Con la risposta all’interpello 783/2021 le Entrate affrontano il caso di un ex dipendente, il quale, in virtù di una risoluzione consensuale del rapporto, risulta destinatario di remunerazioni incentivanti su base azionaria e di un patto di non concorrenza afferenti ad attività svolta all’estero.

Nell’istanza viene rappresentato che con la cessazione il datore di lavoro svizzero si è impegnato ad erogare:

a) azioni collegate ai Piani incentivanti di Restricted Stock Unit e Performance Share Unit (che allo scadere del periodo di maturazione, cosiddetto vesting period – anche successivo alla risoluzione del contratto di lavoro - danno diritto di ricevere gratuitamente azioni della società capogruppo) interamente correlate all’attività svolta all’estero nel periodo tra la data di assegnazione delle stesse e quella di cessazione;

b) un’ulteriore somma a titolo di obblighi contrattuali di non concorrenza, erogata per il 50% alla data di cessazione del rapporto (già tassata in Svizzera) e per l’altra metà allo scadere dell’anno successivo.

Il dipendente, essendosi qualificato durante il vesting period dei compensi incentivanti come fiscalmente residente in Italia, fa presente di aver tassato l’attività prestata all’estero sulla base delle retribuzioni convenzionali di cui all’articolo 51, comma 8-bis, del Tuir; chiede pertanto all’Agenzia se le erogazioni derivanti dal Mutual termination agreement riferibili all’attività resa fuori dall’Italia possano ritenersi assorbite nel regime forfettario e, quindi, già tassate.

Per quanto attiene alle assegnazioni di azioni derivanti dai piani di incentivazione l’Agenzia ne conferma l’imponibilità in Italia ai sensi del principio domestico di tassazione su base mondiale, da coordinare tuttavia con le norme dell’articolo 15 (in materia di redditi di lavoro dipendente) del trattato contro le doppie imposizioni in vigore tra Italia e Svizzera; tale previsione convenzionale ricomprende nel proprio ambito anche i compensi in natura (quali le stock option) e «chiarisce che la potestà impositiva dello Stato della fonte è subordinata alla condizione che tali compensi in natura derivino da un’attività di lavoro dipendente svolta in detto Stato, non rilevando l’eventuale diverso momento in cui il reddito è corrisposto e la circostanza che la tassazione avvenga in un periodo d’imposta successivo, in cui il dipendente non lavora più in detto Stato». L’Agenzia, pertanto, ritiene il valore delle azioni maturate nel periodo in cui era in corso il rapporto di lavoro all’estero già forfettariamente incluso nelle retribuzioni convenzionali tassate.

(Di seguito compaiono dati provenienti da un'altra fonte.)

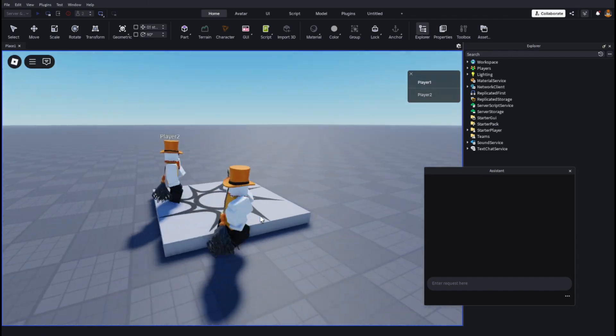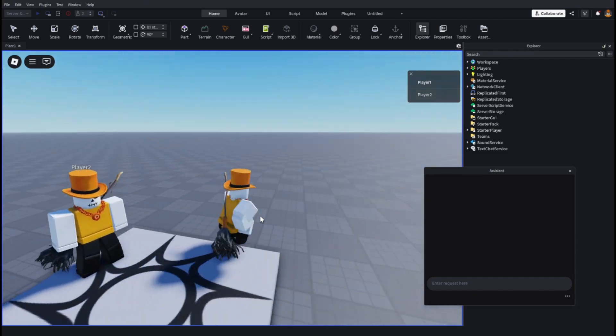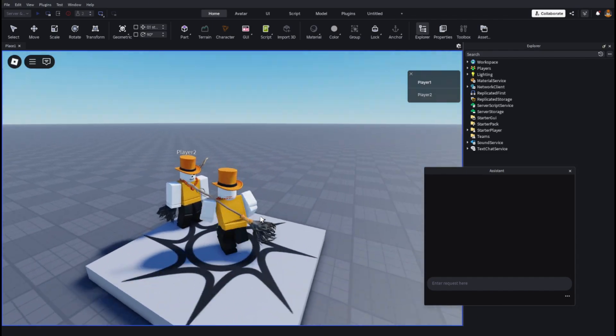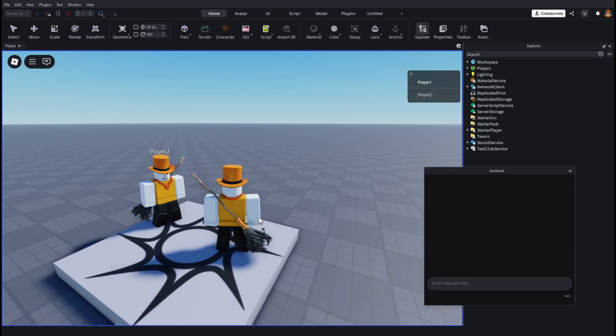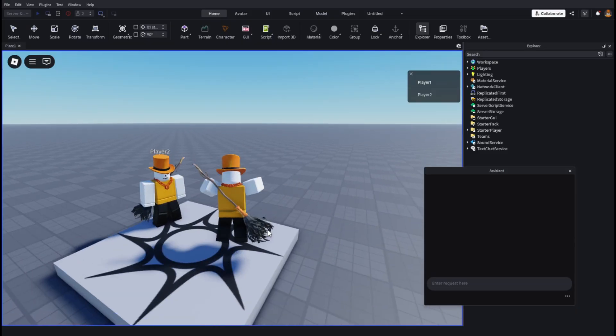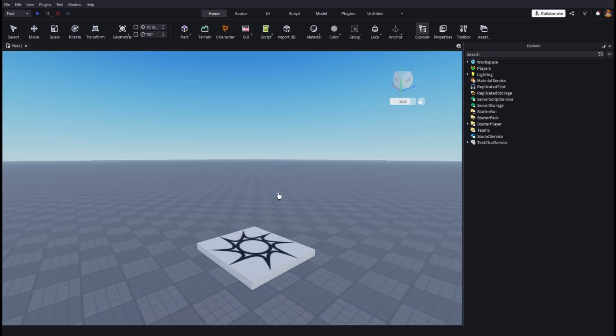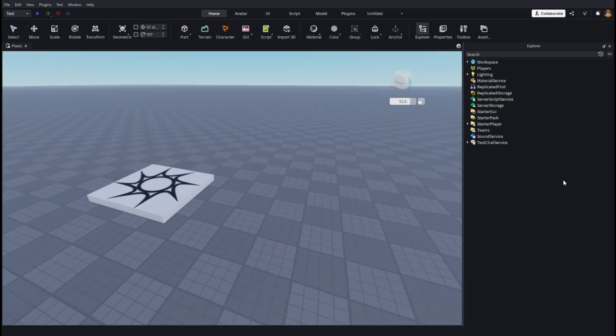I know all the tutorials out there are outdated now, so in this video I'm going to show you how to test a game with two different clients open/players. First, what you want to do when you're on this screen...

Anche per il patto di non concorrenza ricorre l’applicabilità del citato articolo 15, sebbene si ponga il problema di determinare il periodo di riferimento rilevante al fine di individuare la potestà impositiva tra gli Stati contraenti.

Sul punto si richiama il commentario Ocse, secondo cui tali compensi nella maggior parte dei casi non risultano «collegati direttamente a un’attività lavorativa svolta prima della cessazione del rapporto di impiego. In tali ipotesi, le somme corrisposte saranno soggette alla potestà impositiva dello Stato in cui il beneficiario degli emolumenti risulterà residente al momento della percezione degli stessi». L’Agenzia ritiene pertanto che il patto di non concorrenza non possa essere incluso nella retribuzione convenzionale e vada tassato separatamente in via esclusiva in Italia (Stato di residenza del percipiente) in base all’articolo 17, comma 1 lettera a) del Tuir.

Tale approccio, sebbene condivisibile, sul piano operativo pone qualche problema in relazione alla tranche del patto di non concorrenza già tassata in Svizzera; secondo tale impostazione, infatti, non dovrebbero sussistere fenomeni di doppia imposizione e quindi l’eventuale recupero in dichiarazione dei tributi esteri attraverso il credito di imposta di cui all’articolo 165 del Tuir potrebbe essere contestato dalle Entrate . Ma se la stessa lettura non fosse accolta dall’amministrazione fiscale svizzera, per il contribuente si porrebbe il problema di come evitare la doppia imposizione.